図4にさらに示されるように、リップ152は、凹部160の中に半径方向に延び、一般に平面118の下に配置される。例えば、リップ152は、凹部160の対向する上面198及び下面200に面する対向する上面194及び下面196を含む。
【0038】
様々な特徴および構成要素が、凹部192に配置される。例えば、凹部192において、リップ152は、雄ねじ付きファスナまたはボルトなどの1つまたは複数のファスナ204を介して下面196に結合されたウェアプレート(wear plate:摩耗板)202を含む。凹部192は、雄ねじファスナ又はボルトなどの1つ以上のファスナ208を介して下面200に結合された研削可能シム(grindable shim:グラインダブルシム)206を含む。研削可能シム206は、ターボ機械(例えば、ガスタービンシステム10)の組立中にその表面の1つ以上に沿って研削され、凹部160内のリップ152のより良い適合及び適切な位置合わせを提供することができる。研削可能シム206はまた、フランジ136の対応する凹部212、214、及び216内に延びる1つ又は複数の整列キー210、研削可能シム206、及び冠状シム218を介して下面200に対して位置合わせされることがある。研削可能シム206とウェアプレート202との間に配置される冠状シム218は、ウェアプレート202の概ね平坦な表面に接触するように構成された冠状またはカーブ(湾曲)した接触面220(例えば、凸面)を含む。凹部192はまた、研削可能シム206と冠状シム218との間に配置されたバイアスアジャスタ170を含み得る。
【0039】
同様に、様々な特徴および構成要素が、凹部190に配置される。例えば、凹部部分190において、シムアセンブリ172は、研削可能シム176と、ネジ付きファスナ又はボルト224などの1つ又は複数のネジ付きファスナを介して上面198に結合されたクラウン付きシム178とを含む。ファスナ224は、凹部226においてクラウンドシム178に凹設されてもよく、ファスナ224は、クラウンドシム178および研削可能シム176のボアを通ってフランジ134に延びる。シムアセンブリ172はまた、1つ以上の整列キー228を含むことができ、この整列キーは、フランジ134、研削可能シム176、およびクラウンドシム178の対応する凹部230、232、および234を通って延びる。冠状シム218と同様に、冠状シム178は、リップ152の上面194に結合されたウェアプレート240の対応する平坦面238に接触するように構成された冠状または湾曲した接触面236(例えば、凸面)を含む。ウェアプレート240は、雄ねじ付きファスナ又はボルトなどの複数のファスナ242でリップ152に結合されることがある。
【0040】
ガスタービンシステム10の組立及び較正の間、研削可能シム176及び206は、部分的に研削されて厚さを減少させ、それにより凹部160内のリップ152の位置を調整するのに役立つことがある。
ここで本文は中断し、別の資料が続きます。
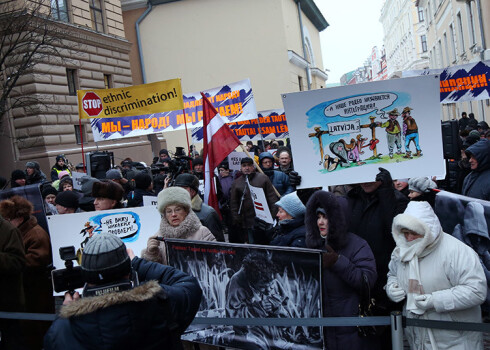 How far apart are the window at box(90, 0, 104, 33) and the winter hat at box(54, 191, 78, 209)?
62.0ft

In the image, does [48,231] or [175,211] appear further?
[48,231]

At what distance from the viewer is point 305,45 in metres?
41.5

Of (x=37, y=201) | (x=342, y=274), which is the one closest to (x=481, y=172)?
(x=342, y=274)

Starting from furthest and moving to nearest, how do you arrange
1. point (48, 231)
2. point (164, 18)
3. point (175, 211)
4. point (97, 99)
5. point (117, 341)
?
point (164, 18)
point (97, 99)
point (48, 231)
point (175, 211)
point (117, 341)

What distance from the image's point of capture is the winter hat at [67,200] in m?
5.98

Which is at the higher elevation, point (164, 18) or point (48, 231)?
point (164, 18)

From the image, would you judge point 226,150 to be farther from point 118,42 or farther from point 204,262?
point 118,42

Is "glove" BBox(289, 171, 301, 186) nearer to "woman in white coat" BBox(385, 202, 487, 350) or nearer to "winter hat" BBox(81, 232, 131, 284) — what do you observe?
"woman in white coat" BBox(385, 202, 487, 350)

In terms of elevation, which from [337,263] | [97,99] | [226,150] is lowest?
[337,263]

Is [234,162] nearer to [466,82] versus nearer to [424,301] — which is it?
[424,301]

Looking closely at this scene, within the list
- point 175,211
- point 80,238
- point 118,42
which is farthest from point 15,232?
point 118,42

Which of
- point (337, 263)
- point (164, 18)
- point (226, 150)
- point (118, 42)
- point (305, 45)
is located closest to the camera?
point (337, 263)

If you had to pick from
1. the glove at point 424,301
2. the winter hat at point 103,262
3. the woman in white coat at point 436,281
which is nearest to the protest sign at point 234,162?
the woman in white coat at point 436,281

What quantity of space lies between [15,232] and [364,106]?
303cm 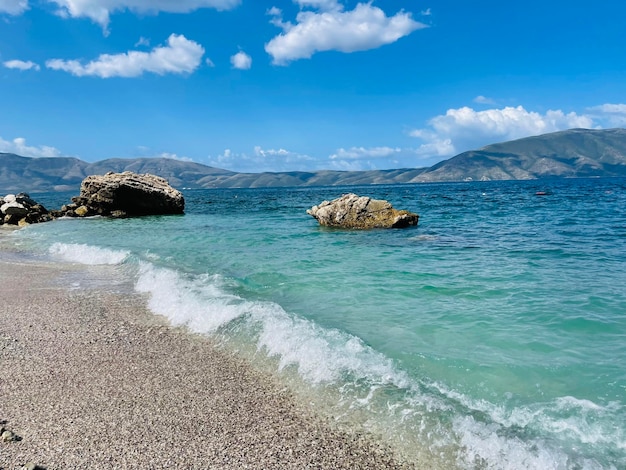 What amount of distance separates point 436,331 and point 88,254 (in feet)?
63.2

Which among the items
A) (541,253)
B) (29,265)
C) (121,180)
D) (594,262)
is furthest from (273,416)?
(121,180)

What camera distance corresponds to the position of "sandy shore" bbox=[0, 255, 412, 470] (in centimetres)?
516

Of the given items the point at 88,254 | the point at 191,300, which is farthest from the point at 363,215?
the point at 191,300

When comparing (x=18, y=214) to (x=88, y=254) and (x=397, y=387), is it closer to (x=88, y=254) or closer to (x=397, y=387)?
(x=88, y=254)

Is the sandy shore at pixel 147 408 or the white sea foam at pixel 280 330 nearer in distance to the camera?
the sandy shore at pixel 147 408

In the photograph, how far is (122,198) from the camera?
1961 inches

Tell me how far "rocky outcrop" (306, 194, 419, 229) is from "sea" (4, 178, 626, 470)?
7896 millimetres

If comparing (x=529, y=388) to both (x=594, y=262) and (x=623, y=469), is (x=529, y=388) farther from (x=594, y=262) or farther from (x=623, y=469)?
(x=594, y=262)

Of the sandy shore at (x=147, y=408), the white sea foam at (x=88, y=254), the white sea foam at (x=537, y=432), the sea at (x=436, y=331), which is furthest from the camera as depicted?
the white sea foam at (x=88, y=254)

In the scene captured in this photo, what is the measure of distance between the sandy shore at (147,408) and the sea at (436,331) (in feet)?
1.81

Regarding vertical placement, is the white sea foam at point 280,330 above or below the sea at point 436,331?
above

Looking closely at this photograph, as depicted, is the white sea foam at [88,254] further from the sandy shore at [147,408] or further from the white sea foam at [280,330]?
the sandy shore at [147,408]

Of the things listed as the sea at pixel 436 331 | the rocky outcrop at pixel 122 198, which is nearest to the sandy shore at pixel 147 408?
the sea at pixel 436 331

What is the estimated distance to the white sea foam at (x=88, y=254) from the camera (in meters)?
20.8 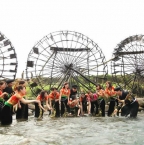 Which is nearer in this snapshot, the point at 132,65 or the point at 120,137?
the point at 120,137

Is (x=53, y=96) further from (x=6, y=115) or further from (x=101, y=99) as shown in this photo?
(x=6, y=115)

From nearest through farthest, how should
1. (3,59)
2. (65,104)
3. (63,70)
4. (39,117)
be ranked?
(39,117), (65,104), (63,70), (3,59)

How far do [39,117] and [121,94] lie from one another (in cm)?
444

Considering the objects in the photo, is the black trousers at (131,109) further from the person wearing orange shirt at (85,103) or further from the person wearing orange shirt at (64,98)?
the person wearing orange shirt at (64,98)

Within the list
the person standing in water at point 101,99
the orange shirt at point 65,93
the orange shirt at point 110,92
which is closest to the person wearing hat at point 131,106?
the orange shirt at point 110,92

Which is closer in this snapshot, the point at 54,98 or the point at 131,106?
the point at 131,106

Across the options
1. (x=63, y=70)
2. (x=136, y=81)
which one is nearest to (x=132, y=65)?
(x=136, y=81)

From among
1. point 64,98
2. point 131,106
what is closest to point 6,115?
point 64,98

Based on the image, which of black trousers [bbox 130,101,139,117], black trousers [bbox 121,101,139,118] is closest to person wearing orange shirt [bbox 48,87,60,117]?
black trousers [bbox 121,101,139,118]

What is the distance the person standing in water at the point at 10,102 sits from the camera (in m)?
9.38

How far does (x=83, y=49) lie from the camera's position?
26062 mm

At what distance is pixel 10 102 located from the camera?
9.80 m

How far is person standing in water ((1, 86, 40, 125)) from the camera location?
30.8 ft

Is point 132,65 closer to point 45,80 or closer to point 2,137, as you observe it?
point 45,80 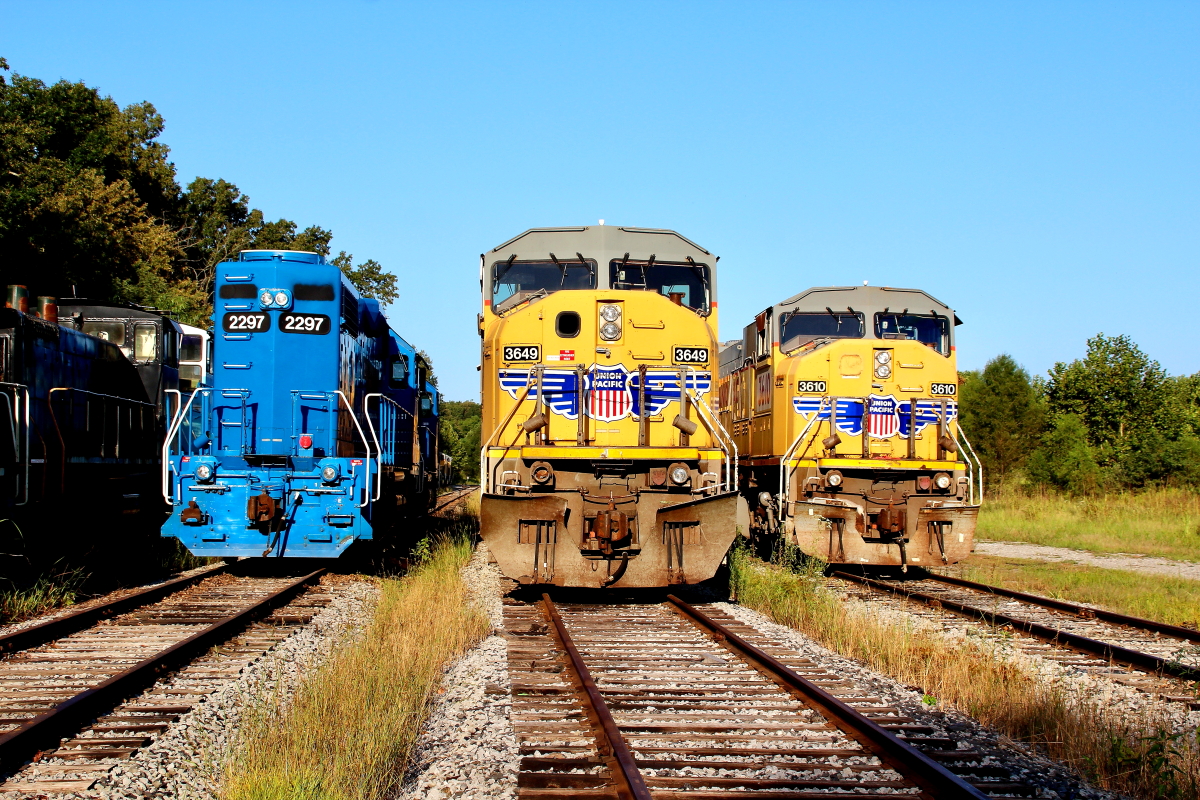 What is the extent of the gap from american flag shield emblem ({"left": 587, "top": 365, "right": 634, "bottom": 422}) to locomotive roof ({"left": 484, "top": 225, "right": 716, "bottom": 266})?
126cm

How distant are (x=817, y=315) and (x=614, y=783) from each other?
9.89 m

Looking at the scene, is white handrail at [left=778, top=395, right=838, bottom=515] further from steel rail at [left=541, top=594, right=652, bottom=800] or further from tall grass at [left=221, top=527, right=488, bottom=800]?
steel rail at [left=541, top=594, right=652, bottom=800]

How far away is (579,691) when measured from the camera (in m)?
5.90

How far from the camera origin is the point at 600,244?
9969 millimetres

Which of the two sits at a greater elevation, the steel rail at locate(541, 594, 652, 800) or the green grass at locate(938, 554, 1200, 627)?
the steel rail at locate(541, 594, 652, 800)

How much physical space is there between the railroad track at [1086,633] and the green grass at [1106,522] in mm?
7310

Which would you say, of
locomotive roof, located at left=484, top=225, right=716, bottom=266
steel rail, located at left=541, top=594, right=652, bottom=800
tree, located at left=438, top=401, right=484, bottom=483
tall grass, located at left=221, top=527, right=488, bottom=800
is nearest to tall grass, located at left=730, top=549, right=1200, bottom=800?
steel rail, located at left=541, top=594, right=652, bottom=800

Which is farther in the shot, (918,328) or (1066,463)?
(1066,463)

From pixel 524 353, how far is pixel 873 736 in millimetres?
5626

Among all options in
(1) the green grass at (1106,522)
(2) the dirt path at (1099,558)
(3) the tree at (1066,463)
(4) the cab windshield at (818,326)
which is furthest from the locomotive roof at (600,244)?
(3) the tree at (1066,463)

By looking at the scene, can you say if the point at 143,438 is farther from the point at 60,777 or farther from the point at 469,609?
the point at 60,777

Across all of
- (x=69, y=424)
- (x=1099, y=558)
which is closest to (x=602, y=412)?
(x=69, y=424)

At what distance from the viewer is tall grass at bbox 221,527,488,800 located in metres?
4.15

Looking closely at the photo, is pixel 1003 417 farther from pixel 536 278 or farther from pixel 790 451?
pixel 536 278
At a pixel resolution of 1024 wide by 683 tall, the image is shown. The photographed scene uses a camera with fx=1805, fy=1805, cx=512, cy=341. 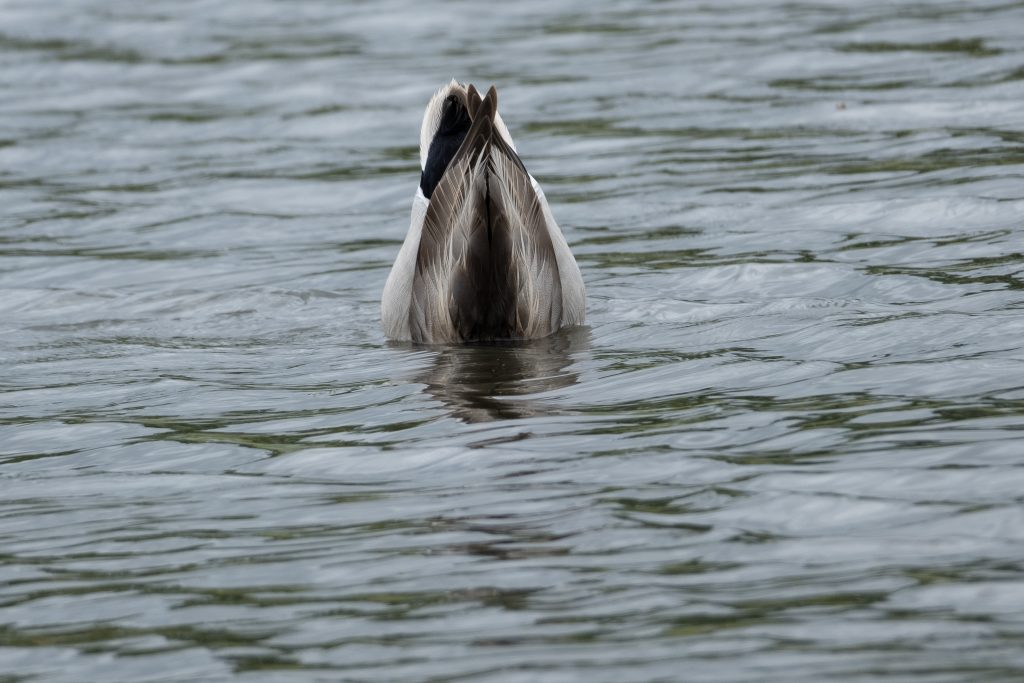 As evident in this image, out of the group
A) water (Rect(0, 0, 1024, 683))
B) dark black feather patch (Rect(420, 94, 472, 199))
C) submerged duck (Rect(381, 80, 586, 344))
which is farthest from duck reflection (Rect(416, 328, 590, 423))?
dark black feather patch (Rect(420, 94, 472, 199))

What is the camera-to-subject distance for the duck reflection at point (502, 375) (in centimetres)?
708

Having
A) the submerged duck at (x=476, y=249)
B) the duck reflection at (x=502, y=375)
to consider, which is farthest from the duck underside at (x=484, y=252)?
the duck reflection at (x=502, y=375)

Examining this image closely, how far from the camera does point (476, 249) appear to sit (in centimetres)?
807

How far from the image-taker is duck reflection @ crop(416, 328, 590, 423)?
7.08m

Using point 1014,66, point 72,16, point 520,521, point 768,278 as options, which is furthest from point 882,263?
point 72,16

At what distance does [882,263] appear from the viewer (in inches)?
Result: 367

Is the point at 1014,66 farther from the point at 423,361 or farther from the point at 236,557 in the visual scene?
the point at 236,557

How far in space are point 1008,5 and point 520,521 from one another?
12797 millimetres

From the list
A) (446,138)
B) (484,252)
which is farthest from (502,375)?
(446,138)

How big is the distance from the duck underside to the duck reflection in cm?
13

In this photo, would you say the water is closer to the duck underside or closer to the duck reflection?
the duck reflection

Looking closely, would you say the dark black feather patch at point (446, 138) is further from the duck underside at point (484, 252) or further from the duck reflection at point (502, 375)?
the duck reflection at point (502, 375)

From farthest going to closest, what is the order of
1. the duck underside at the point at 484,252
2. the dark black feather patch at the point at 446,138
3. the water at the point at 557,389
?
the dark black feather patch at the point at 446,138, the duck underside at the point at 484,252, the water at the point at 557,389

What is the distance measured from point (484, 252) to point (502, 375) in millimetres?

例えば、研削可能シム176及び206は、リップ152の上面194を平面118に直接沿って配置する一方で、リップ152の下面196を平面118の下に垂直にオフセットして配置するために十分に研削されることがある。
【0041】
上述のように、ケーシング整列システム16の整列ポジショナ100は、複数のバイアスアジャスタ170を含む。冠状シム218におけるバイアスアジャスタ170に加えて、整列ポジショナ100は、フランジ134においてフランジ付きカップリング128の外側に配置されたバイアスアジャスタ170を含んでもよい。図示されるように、ケーシング整列システム16は、クラウンドシム218と結合されたシャフト246のヘッド244の下に配置されたバイアスアジャスタ170を有する整列ポジショナ100を含む。例えば、ヘッド244およびシャフト246は、雄ねじボルトなどの雄ねじ付きファスナ248の部品であってもよい。シャフト246は、雄ねじ250または別の適切な機械的接続を介して冠状シム218に結合されることがある。
【0042】
動作において、凹部160の内側および外側に配置されたバイアスアジャスタ170は、リップ152を、
図3に図示されるようにトルク180の方向に対応する回転方向または垂直方向上方252にバイアスするように構成され得る。したがって、フランジ付きカップリング126および128が部分的に開いて開口部182および184を形成し、内壁106が外壁104内で垂直下方に移動するようになると、ケーシング整列システム16のバイアスアジャスタ170は、リップ152を方向252に移動させて外壁104内で内壁106の整列を助けるよう構成される。この整列は、一般に、外壁104および内壁106の中心軸の間の整列を改善または一致させる。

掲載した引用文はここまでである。